The Endeavour Mid-ocean Ridge is an exciting study location because it is a place where new volcanic seafloor is constantly created at the spreading boundary between the Juan de Fuca and Pacific plates. The region (approximately 300 km off the British Columbia coast), has been the site of intensive investigation for more than 20 years.The Ocean Networks Canada Observatory, comprising VENUS and NEPTUNE Canada cabled networks, supports transformative coastal to deep ocean research and technology. It enables real-time interactive experiments, focused on ocean health, ecosystems, resources, natural hazards, and marine conservation. The Observatory is a national facility led by the University of Victoria for a pan-Canadian consortium of universities and partners.

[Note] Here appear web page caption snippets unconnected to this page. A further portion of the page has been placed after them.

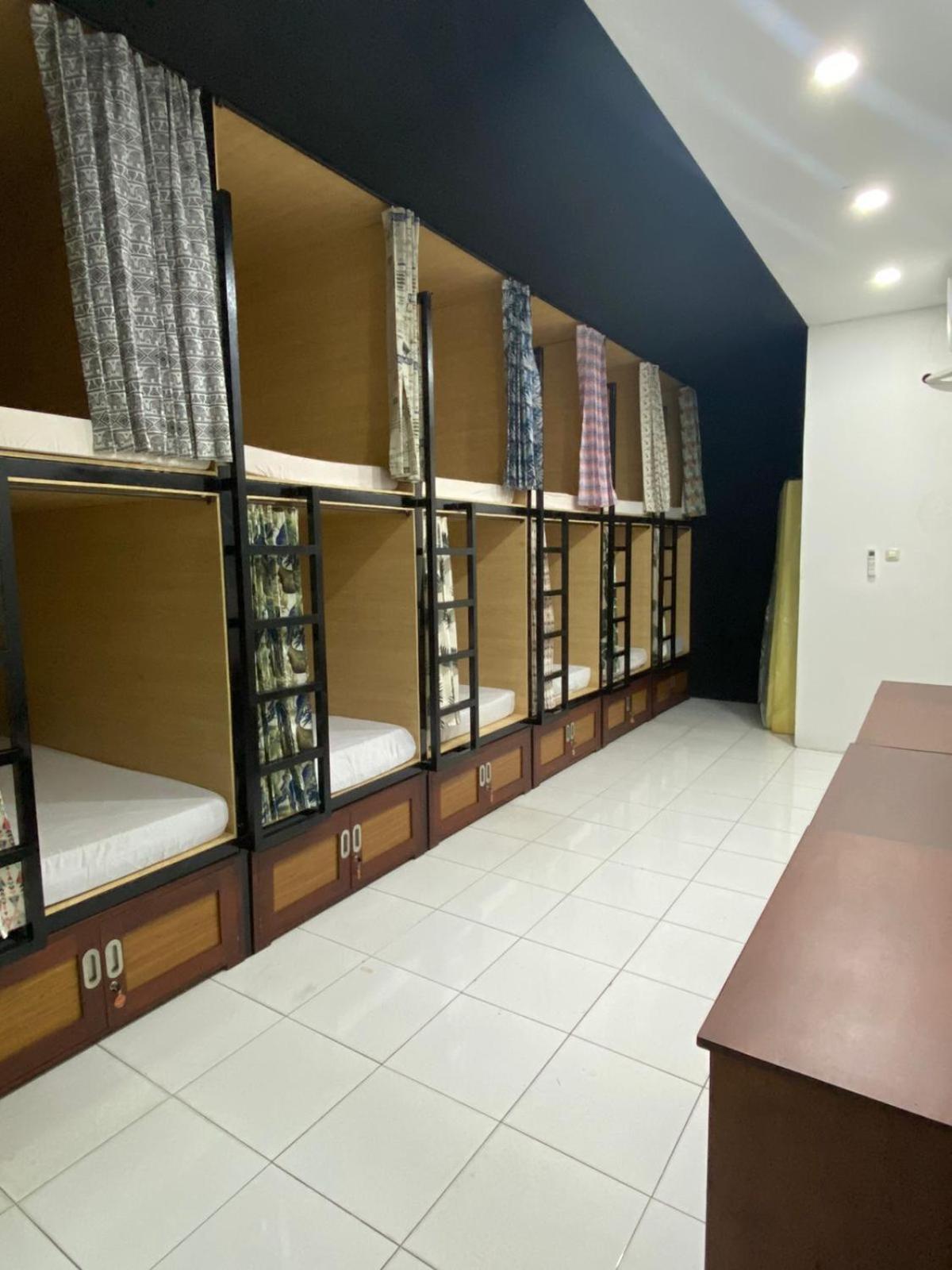 Innbox Hostel Sorong Luaran gambar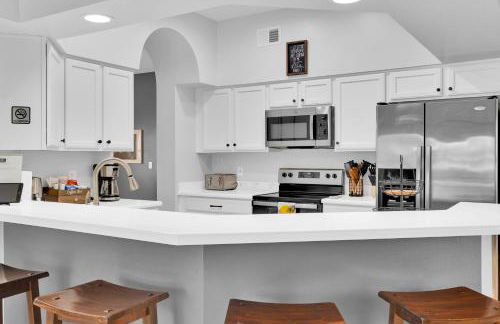 Stunning West Haven Villa with Private Pool Spa and Balcony Near Disney - Foto 69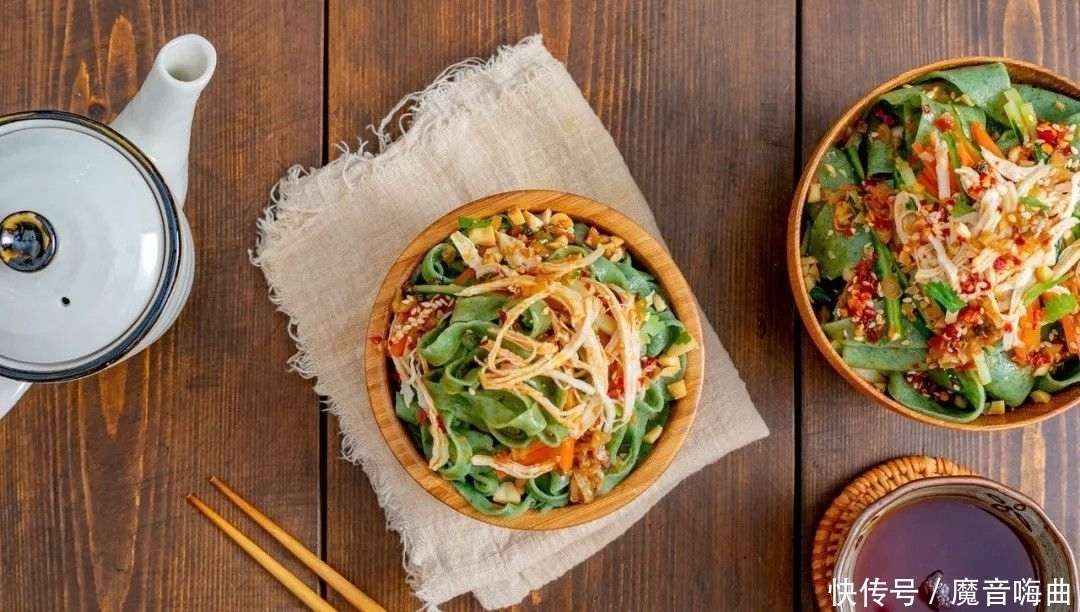 天这么热别吃饭了!这一碗美味,酸爽开胃又低脂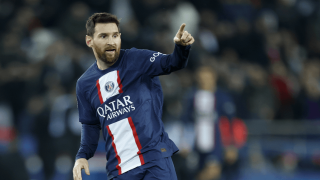 هتافات لميسي من جماهير الهلال أثناء حفل وزارة الرياضة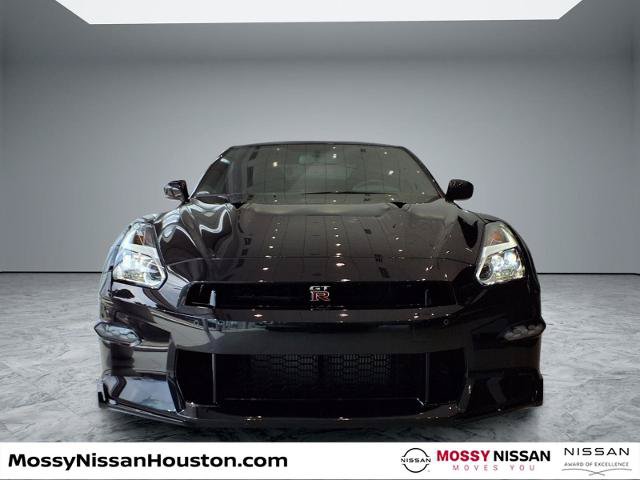 Certified 2024 Nissan GT-R w/ Floor Mat Package AWD/4WD image 3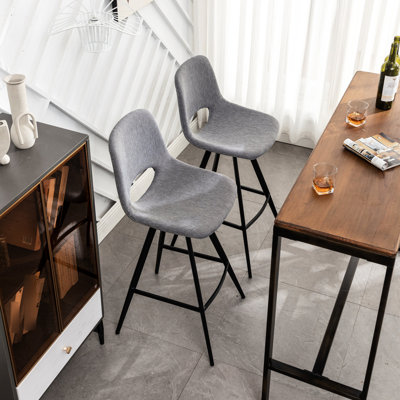 2 tabourets de comptoir gris. Sièges rembourrés. Structure en métal des pieds. Repose-pieds intégré pour un confort accru. Tabourets gris de 20 po x l 18,5 po x l 41,15 po x H 28,25 po avec revêtement en mélange et pieds solides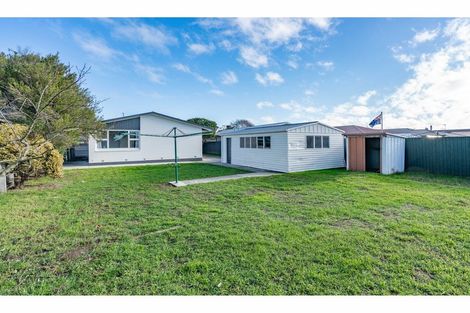 Photo of property in 6 Royalist Avenue, North New Brighton, Christchurch, 8083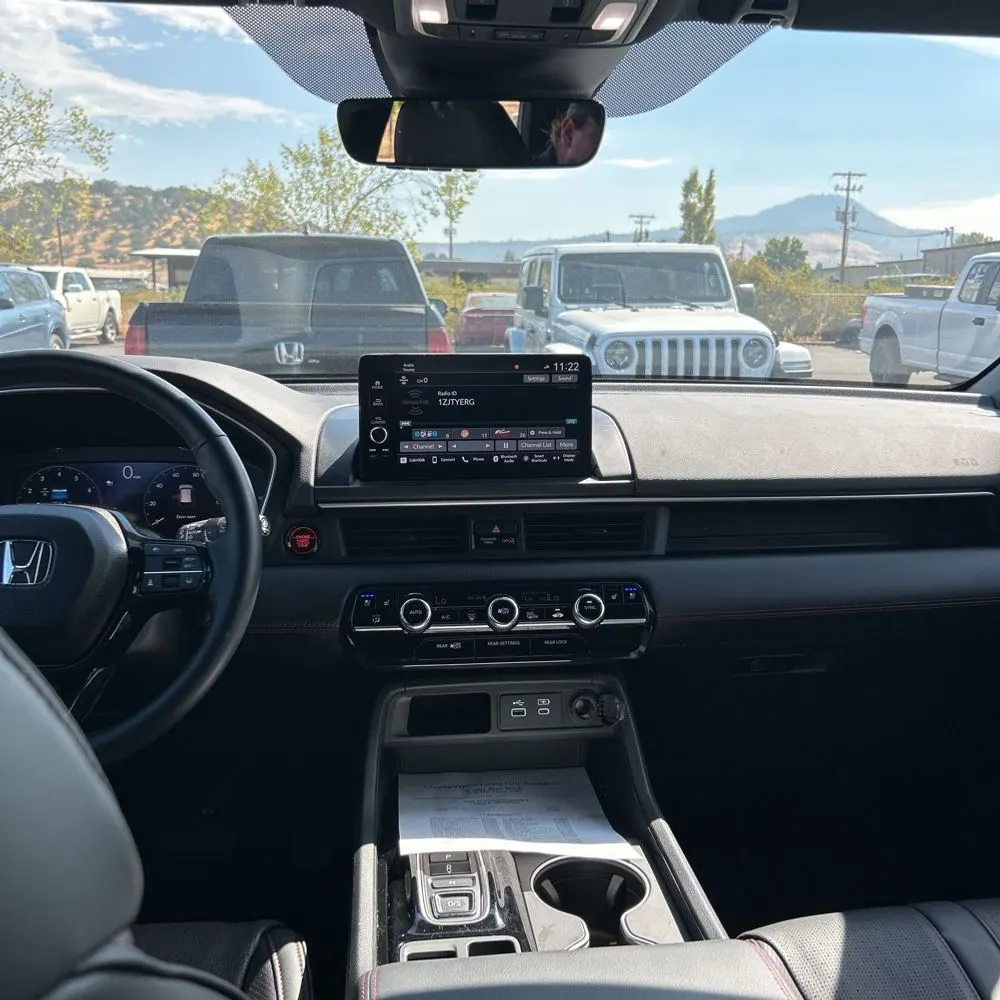 2025 Honda Pilot Black Edition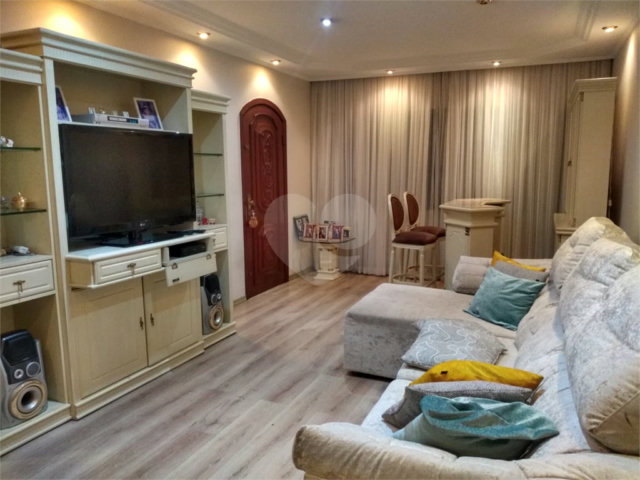 Sobrado à venda com 3 quartos, sendo 2 suítes,  em Parada Inglesa, São Paulo, SP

NEPTUNE Canada’s real-time monitoring capability will benefit both ongoing and new experiments. Continuous data gathered before, during and after events like earthquakes and intrusions will be recorded across a coordinated suite of instruments both at the hydrothermal vents on the seafloor and within moorings extending 250m up into the 2,200m water column. A network of seismometers here and at other sites will provide high resolution information on tectonic processes such as earthquakes and strain across the Juan de Fuca plate.

via NEPTUNE Canada: Endeavour and Wikipedia.

Some more footage of the Endeavour ridge hot vents acquired using the ROPOS ROV. See also the BBC news report about a recent British expedition to the Cayman Trough to the deepest undersea vents.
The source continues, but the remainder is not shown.